Nitric oxide regulates the heart by spatial confinement of nitric oxide synthase isoforms (original) (raw)

Nature volume 416, pages 337–339 (2002)Cite this article

Abstract

Subcellular localization of nitric oxide (NO) synthases with effector molecules is an important regulatory mechanism for NO signalling1. In the heart, NO inhibits L-type Ca2+ channels2 but stimulates sarcoplasmic reticulum (SR) Ca2+ release3,4,5, leading to variable effects on myocardial contractility. Here we show that spatial confinement of specific NO synthase isoforms regulates this process.
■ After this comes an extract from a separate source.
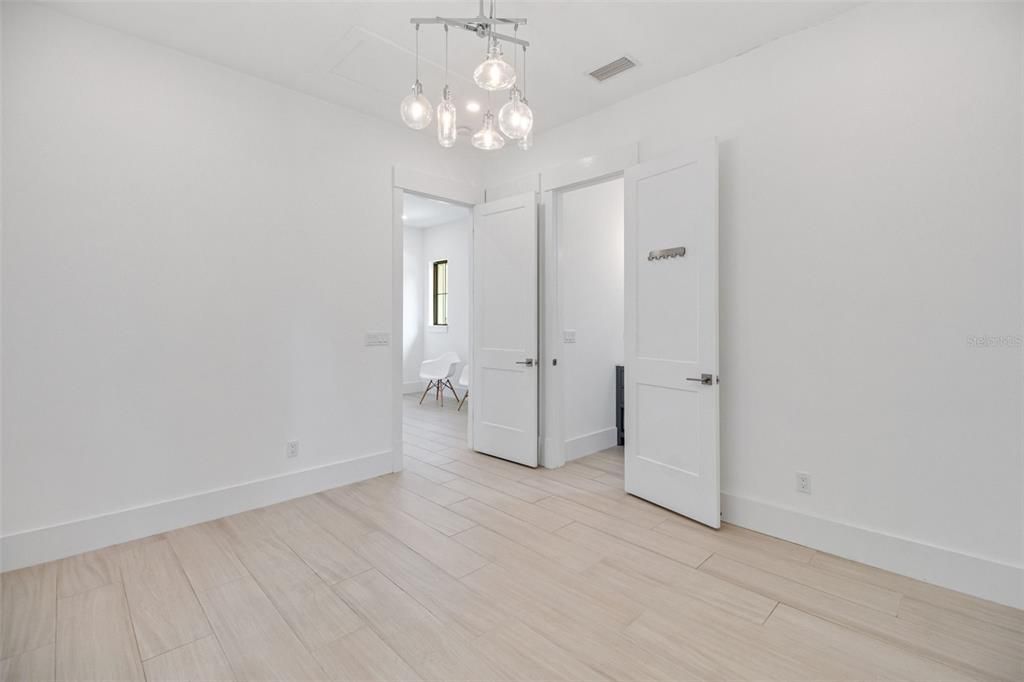 For Sale: $1,200,000 (5 beds, 4 baths, 2867 Square Feet)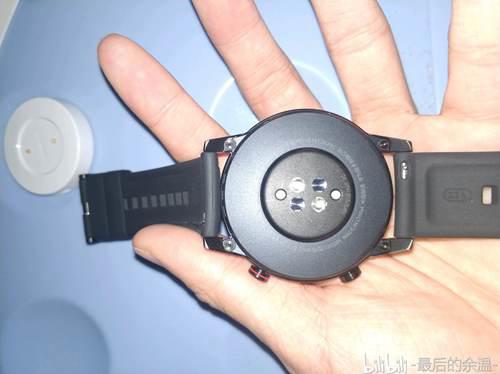 一块玻璃的败笔荣耀magicwatch2开箱简评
Endothelial NO synthase (NOS3) localizes to caveolae6,7,8, where compartmentalization with β-adrenergic receptors and L-type Ca2+ channels9 allows NO to inhibit β-adrenergic-induced inotropy8,10. Neuronal NO synthase (NOS1), however, is targeted to cardiac SR11. NO stimulation of SR Ca2+ release via the ryanodine receptor (RyR) in vitro3, 4 suggests that NOS1 has an opposite, facilitative effect on contractility. We demonstrate that NOS1-deficient mice have suppressed inotropic response, whereas NOS3-deficient mice have enhanced contractility, owing to corresponding changes in SR Ca2+ release. Both _NOS1_−/− and _NOS3_−/− mice develop age-related hypertrophy, although only _NOS3_−/− mice are hypertensive. _NOS1/3_−/− double knockout mice have suppressed β-adrenergic responses and an additive phenotype of marked ventricular remodelling. Thus, NOS1 and NOS3 mediate independent, and in some cases opposite, effects on cardiac structure and function.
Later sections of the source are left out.